Netizen pun curiga, pihak yang 'nyinyir' patut diduga terlibat dalam komplotan penyerangan.

Dugaan itu disampaikan Himawan lewat akun @him_him87 merujuk pada komentar Herman Prajitno lewat akun @herwatoe pada Kamis (19/7/2018).

Herman menyebut Mardani cemen atau penakut lantaran mengumbar teror yang dialami lewat media sosial.

"Jangan2 yg nyinyir ini komplotannya.... wah," tulis Himawan menanggapi kicauan Herman, 'Politisi jaman now @MardaniAliSera mah cemen, cemen ya.. baru juga dibom molotov ributnya minta ampun, belajarlah sama mas @MRomahurmuziy berapa kali rumahnya Jogja diobrak abrik setiap pemilu ORBA'.

Tidak hanya Himawan, Andy Chandra, akun bernama @kakekpengembara serta beberapa netizen lainnya berpendapat serupa.
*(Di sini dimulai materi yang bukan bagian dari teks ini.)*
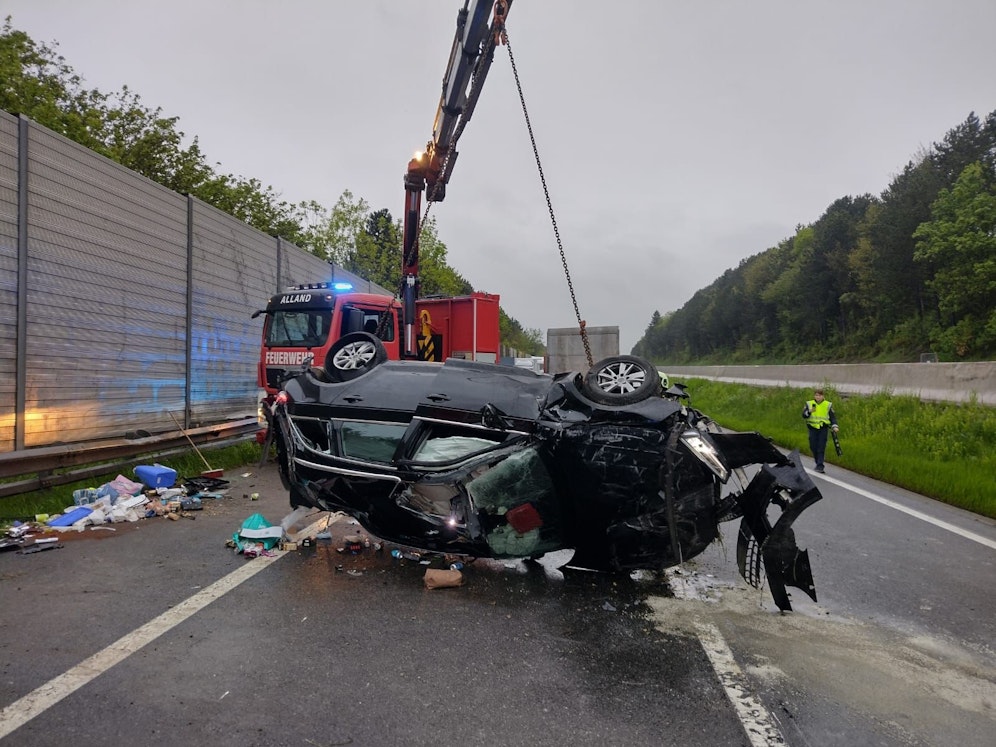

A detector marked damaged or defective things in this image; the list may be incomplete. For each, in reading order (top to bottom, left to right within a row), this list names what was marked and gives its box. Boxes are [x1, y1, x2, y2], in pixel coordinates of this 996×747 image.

overturned black car [268, 334, 820, 612]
Mereka kompak mencurigai pihak oposisi sebagai dalang dibalik teror.

"Masa org dikriminalisasi bikin lapor malah disindir2. Jangan2 dia ituuuuu," sindir Andy Chandra lewat akun @anddra23.

"Laporkan segera pa'..jangan sampe jangan-jangan,jangan-jangan," tambah @kakekpengembara.

Sementara Herry lewat akun @HerryAceh menyebut aksi teror merupakan bentuk kecemasan pihak lawan dalam persaingan politik.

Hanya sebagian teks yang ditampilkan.